NACD releases “Critical Issues for Board Focus in 2015”

by Cydney Posner

The National Association of Corporate Directors has just released “Critical Issues for Board Focus in 2015.”  The issues list was developed following the NACD’s dialogues with a number of major institutional investors and roundtable discussions among investors and committee chairs of Fortune 500 companies.  The publication presents investors’ perspectives on these three important themes identified by NACD:

  • “Investors are focused on “drivers” of effective board leadership;
  • Investors will hold directors accountable when they believe shareholder rights have been undermined; and
  • High-quality communication between boards and investors is about context, not volume.”

Effective Board Leadership: Set forth below are some of the NACD’s  board leadership issues for 2015:

“• Board composition:  Director skill sets, diversity (including backgrounds and experiences), etc.

           [Investors indicated they would like to see more proxy disclosure regarding the self-evaluation process and the intended outcomes.]

  • Director tenure, and the board’s approach to succession planning (overall and with respect to committee chairs)

            [For example, where directors are nearing retirement age, how is the board approaching its own succession plan? How will the board seek to “refresh” itself?

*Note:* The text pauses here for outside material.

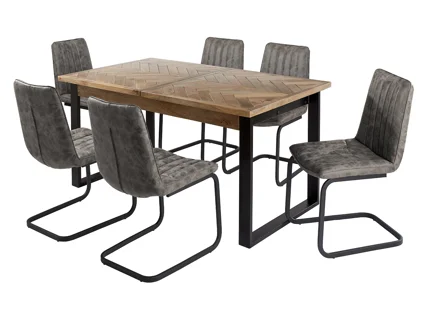 EXTENDING DINING TABLE & 6 GREY JUNO DINING CHAIRS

Investors are seeking a proactive approach.]

  • Board structure and processes: Majority voting, annual elections, CEO/chair split, etc.

             [Many investors viewed majority voting, the right to call special meetings and declassified boards to be “governance basics.” How do the board’s governance practices compare to those of their peers?]

  • Board engagement in the strategy-setting process

             [Investors supported the approach described in the Report of the NACD Blue Ribbon Commission on Strategy Development, which recommends that, in addressing matters of strategy, boards transition from a traditional “review and concur” approach to “engage[ment] with management on strategy issues on an ongoing basis, including early involvement to improve strategy development, adjustment, and monitoring.”

             NACD recommends that directors consider whether investors understand how the board provides oversight and guidance on matters of strategy and risk.]

  • Oversight of risk management, including emerging and complex risks

             [How are directors keeping on top of industry risks and other threats: through direct access to a range of information or by relying solely on management reports?]

  • CEO and executive team succession
  • Board oversight of company-wide talent development and bench strength
  • The linkage between company strategy, executive compensation philosophy and pay plan design, including performance metrics and goals for the CEO and senior executive team

               [Investors expect directors to be able to articulate the company’s strategy.  Conversations with directors about the relationship between compensation and strategy can be a gateway for investors to evaluate a director’s understanding of company strategy.]

  • The link between executive compensation outcomes and company performance
  • Oversight of financial matters: External audit, internal audit, financial controls, etc.
  • Specific shareholder proposals (e.g., political contributions, environmental or sustainability reporting), etc.”

Shareholder Rights: Not surprisingly, some investors expressed concerns regarding “unilateral actions to change bylaws and/or their application in ways they believe adversely affect shareholder rights.”  Presumably, the references are to bylaw amendments such as exclusive-venue and fee-shifting provisions. Although investors recognized that, in some circumstances, immediate action may be necessary, investors advised that directors can enhance their credibility by engaging in discussion with investors to provide the context and rationale for the action. One investor observed that  “’[w]hen directors say, ‘We realize this was not a popular choice but we weighed the alternatives and here’s why we came to this conclusion,’ it sends a very positive signal about the board’s judgment.” Of course, some investors are not going to be open to persuasion, regardless of the board’s rationale, if they believe that shareholder rights are undermined, and may well seek to hold the board accountable.

High Quality Communication: Investors also focused on shareholder engagement.  NACD suggests that directors consider whether they understand the priorities of the major investors, and whether those investors have opportunities to provide direct feedback to the board.  With regard to engagement practices, NACD indicated that investors encouraged boards to use “one-to-many” forms of shareholder engagement, such as investor days and video interviews with board members. In addition, investors were not always satisfied with proxy discussions of the engagement process, finding that, although companies discussed their responses to feedback from shareholders, they did not always adequately explain why “the board felt that action was appropriate.” In particular, one investor observed that “’[w]e want to know that the rationale goes beyond just checking a box because ISS said so.’” Directors may want to make clear that they are acting in response to the views of shareholders, not just responding to the policies of proxy advisory firms.